Big Name Meaning

(idiomatic) A prominent individual, especially one who is favorably regarded.

Example: 1909, P. G. Wodehouse, The Swoop! or How Clarence Saved England, ch. 2:
  Solly had carried on the old business, and was making a big name for himself.
1915, Zane Grey The Lone Star Ranger, ch. 11:
  He made a big name in the war. And since he's been in the ranger service he's done wonders.
2013 Jan. 29, Benjamin Hoffman, "At Media Day, Spotlight on Head Injuries Grows," New York Times (retrieved 10 Oct 2013):
  Do you want to go out there and do the right things or do you want to make that big hit to gain a big name?

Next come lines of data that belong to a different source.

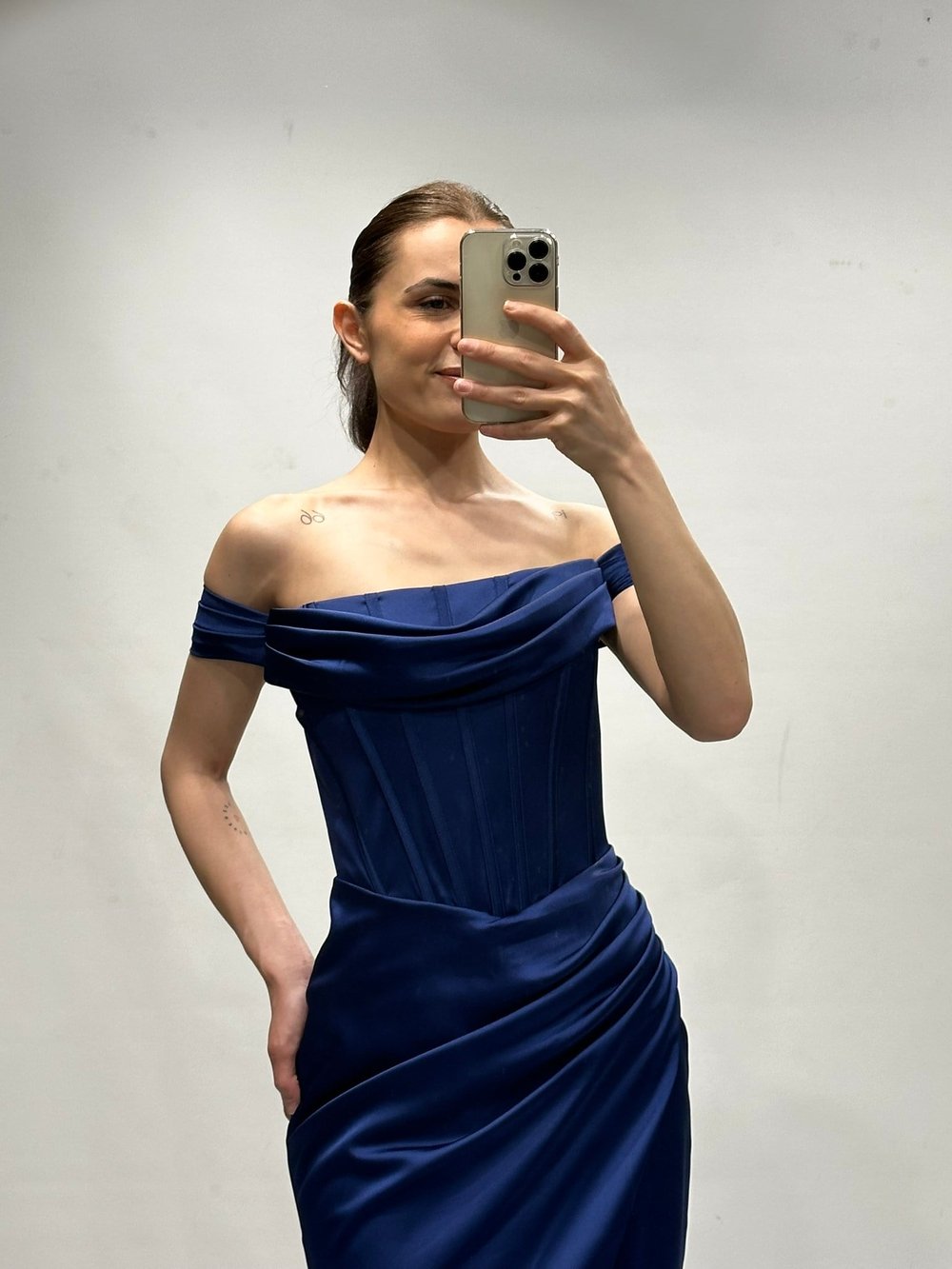 Lacivert Madonna Yaka Korse Detay Balık Model Abiye Elbise | Kaleiçi Yıldızlar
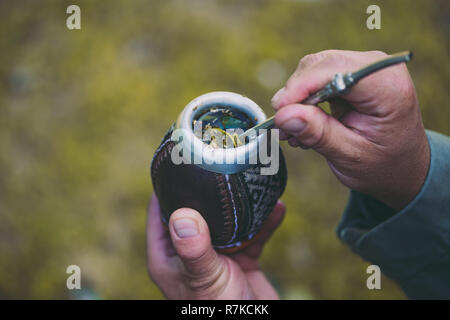 Mann, Yerba Mate in der Natur. Reisen und Abenteuer. Lateinamerikanischen trinken Mate Stockfoto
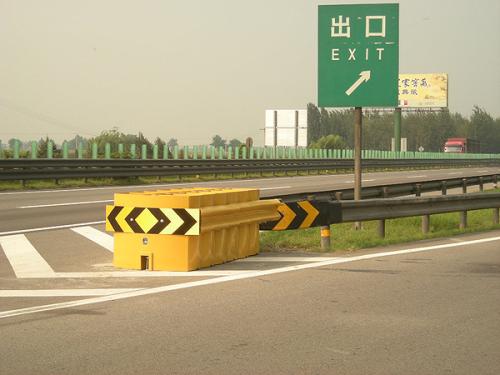 佛山禅城区导向防撞垫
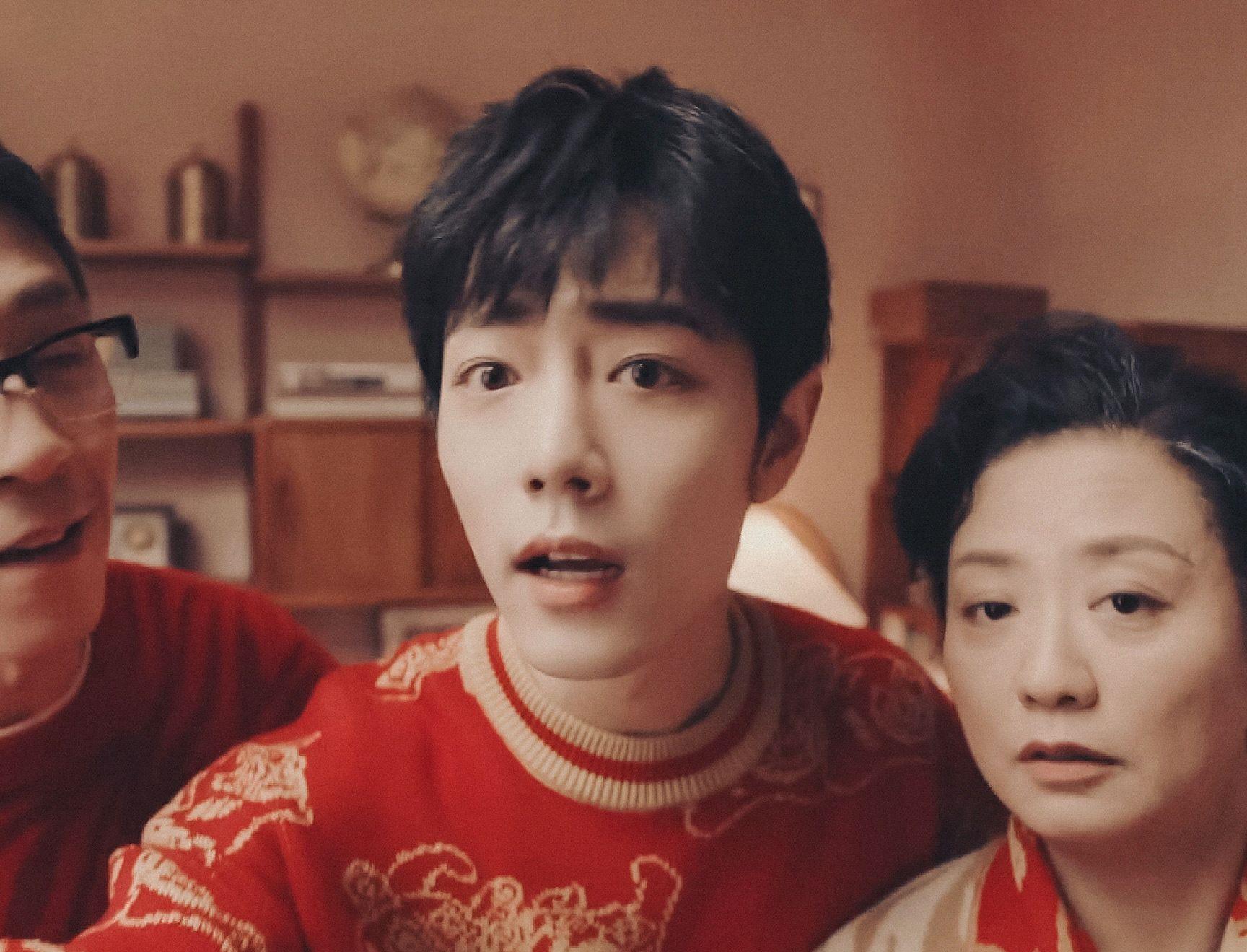 肖战|肖战真是广告界的天花板，“日进斗金”系列硬是拍出了温馨的氛围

1917, Sherwood Anderson, Marching Men, ch. 4:
  "You don't want me, you want a big name. They're all set to hang you over there. . . . It's a job for the biggest and best criminal lawyer in town."
1949 April 10, Owen Lattimore, "Big Problem is to Make UN Work, Too," Sunday Herald (Connecticut USA), p. 12 (retrieved 10 Oct 2013):
  With the big names of Europe assembled in Washington for the signing of the Atlantic Pact, the pact itself and its implications continue to be the world's biggest story.
2004 Mach 26, Richard Corliss, "That Old Feeling at 100," Time (retrieved 10 Oct 2013):
  [J]ust before Christmas 1983 . . . our editors were alerted that the surrealist painter Joan Miro had died. (A big name almost always dies around Christmas.)